1. This Application is made pursuant to section 166(2) Data Protection Act 2018 ("DPA18"). The Respondent ("the IC") has asked that it be struck out which the Applicant opposes. Rule 32(3) The Tribunal Procedure (First-tier Tribunal) (General Regulatory Chamber) Rules 2009 (" 2009 Rules") provides that the Tribunal may dispose of proceedings without a hearing under rule 8 as in this case. Background summary

2. The Applicant had a Telegram account which "disappeared" in April 2025. Telegram said that the account had never existed and the Applicant should create a new one. As well as this causing emotional harm the Applicant was unable to access "a large amount of privately stored electronic materials of significant worth". The Applicant contacted Telegram throughout April 2025 but received no response. The Applicant, on 1 May 2025, then complained to the IC. Law Section 165-complaint to the IC

3. The relevant parts of section 165 DPA18 provide as follows:- (2) A data subject may make a complaint to the Commissioner if the data subject considers that, in connection with personal data relating to him or her, there is an infringement of Part 3 or 4 of this Act . (4) If the Commissioner receives a complaint under subsection (2), the Commissioner must (a)take appropriate steps to respond to the complaint, (b)inform the complainant of the outcome of the complaint, (c)inform the complainant of the rights under section 166 , and (d)if asked to do so by the complainant, provide the complainant with further information about how to pursue the complaint. (5)The reference in subsection (4)(a) to taking appropriate steps in response to a complaint includes— (a)investigating the subject matter of the complaint, to the extent appropriate, and (b)informing the complainant about progress on the complaint, including about whether further investigation or co-ordination with a foreign designated authority is necessary. Section 166 - Application to the Tribunal

4. Section 166 DPA18 sets out the limit of the scope of any remedy available to an applicant. It does not have as its focus the merits of an applicant's original underlying complaint or the substantive outcome of the IC's investigation. It provides remedies the Tribunal may order if, after a data subject makes a complaint, the IC:- "(a)fails to take appropriate steps to respond to the complaint, (b)fails to provide the complainant with information about progress on the complaint, or of the outcome of the complaint, before the end of the period of 3 months beginning when the Commissioner received the complaint, or (c)if the Commissioner's consideration of the complaint is not concluded during that period, fails to provide the complainant with such information during a subsequent period of 3 months"

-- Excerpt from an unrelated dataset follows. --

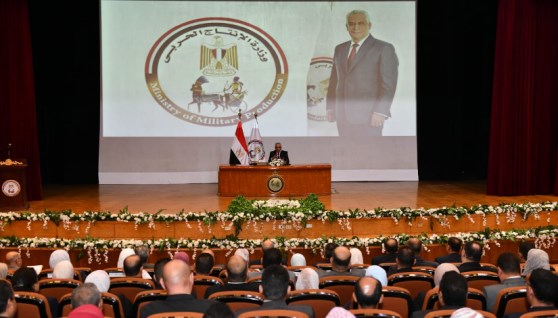 وزير الدولة للإنتاج الحربي 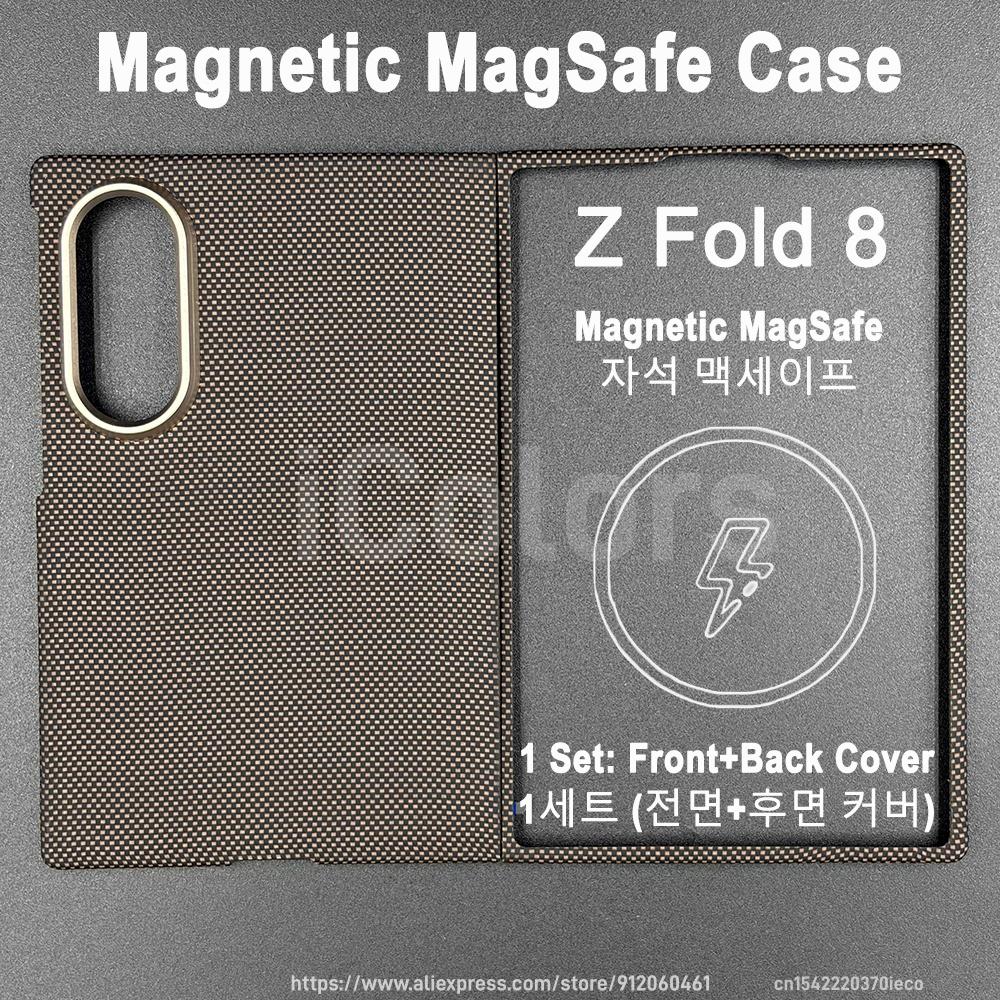 For Samsung Galaxy Z Fold 8 Magnetic Aramid Carbon Fiber Case MagSafe Charging Ultra Slim Light Fold 8 Wide Protective Cover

5. In such a case the Tribunal may Order the IC:- (a)to take appropriate steps to respond to the complaint, or (b)to inform the complainant of progress on the complaint, or of the outcome of the complaint, within a period specified in the order. Authorities

6. In the Response the IC refers to a number of the relevant legal authorities regarding the extent of the Tribunal's jurisdiction, the focus of section 166 DPA18, the meaning of "appropriate steps" and the discretion of the IC. These are:- (a) the Decision of the Upper Tribunal ("UT") in Killock & Veale & others v Information Commissioner [2021] UKUT 299 (AAC) . (b) the Judgment of Mostyn J in Delo R (on the application of Delo) v Information Commissioner and Wise Payments Ltd [2022] EWHC 3046 admin. (c) the Judgment of the Court of Appeal in Delo ( [2023] EWCA Civ 1141 ). (d) Mahmood v Information Commissioner [2023] UKFTT 1068 (GRC) (e) the UT's Decision in Smith -v- the Information Commissioner [2025] UKUT 74 (ACC).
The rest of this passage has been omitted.